Work request >> All lines from the one that has "401 Hedgewood Dr #C — Photo 2" onward to the end of the records below are to be returned exactly; pictures are to be skipped.

Input >>
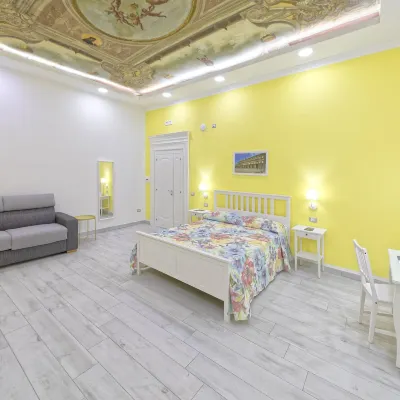 B&B Rest a Napoli Hotels near Metro Art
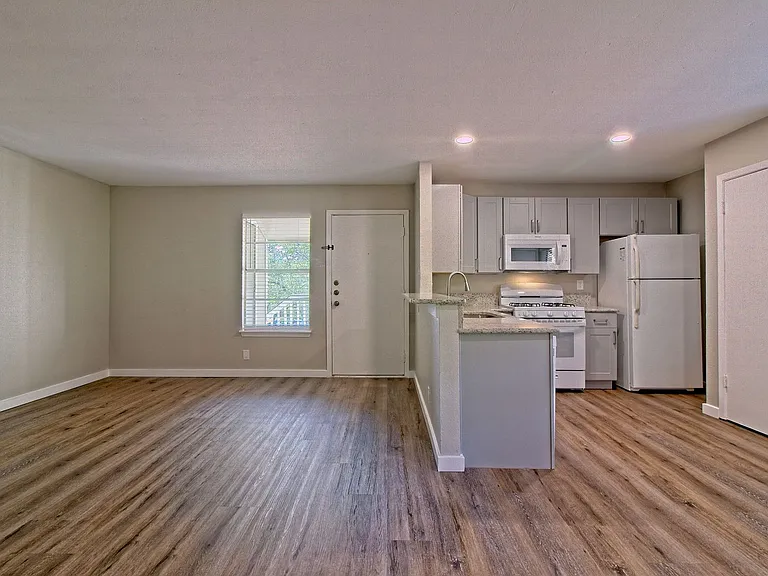 401 Hedgewood Dr #C — Photo 2
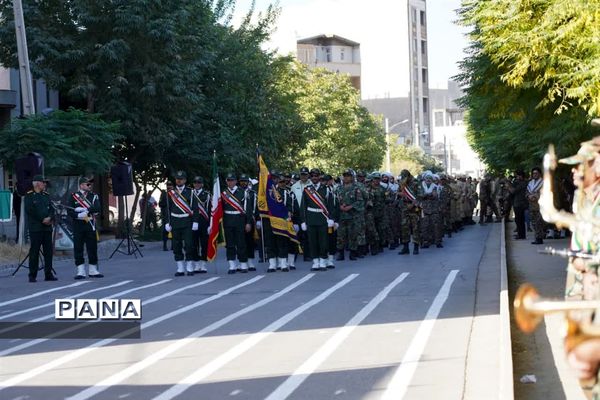 رژه نیروهلی مسلح در آغاز هفته دفاع مقدس خرم‌آباد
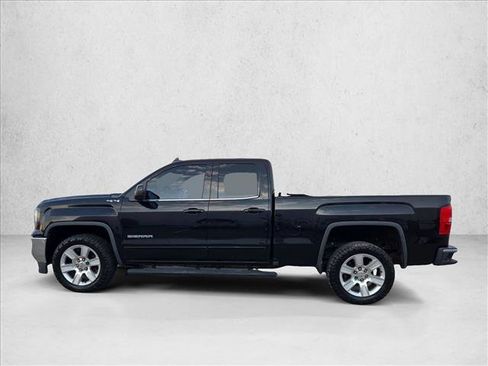 Used 2017 GMC Sierra 1500 SLE w/ SLE Value Package AWD/4WD image 9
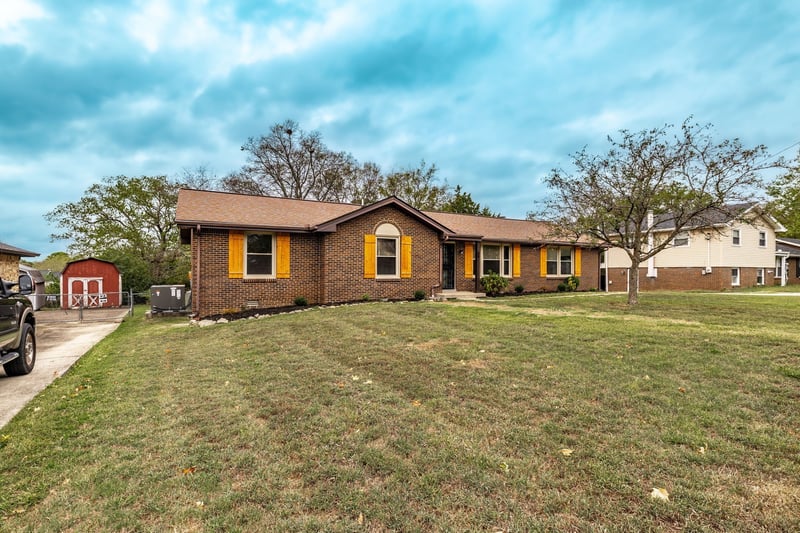 318 Donna Dr, Hendersonville, TN 37075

Output for this exercise >>
 401 Hedgewood Dr #C — Photo 2
 رژه نیروهلی مسلح در آغاز هفته دفاع مقدس خرم‌آباد
 Used 2017 GMC Sierra 1500 SLE w/ SLE Value Package AWD/4WD image 9
 318 Donna Dr, Hendersonville, TN 37075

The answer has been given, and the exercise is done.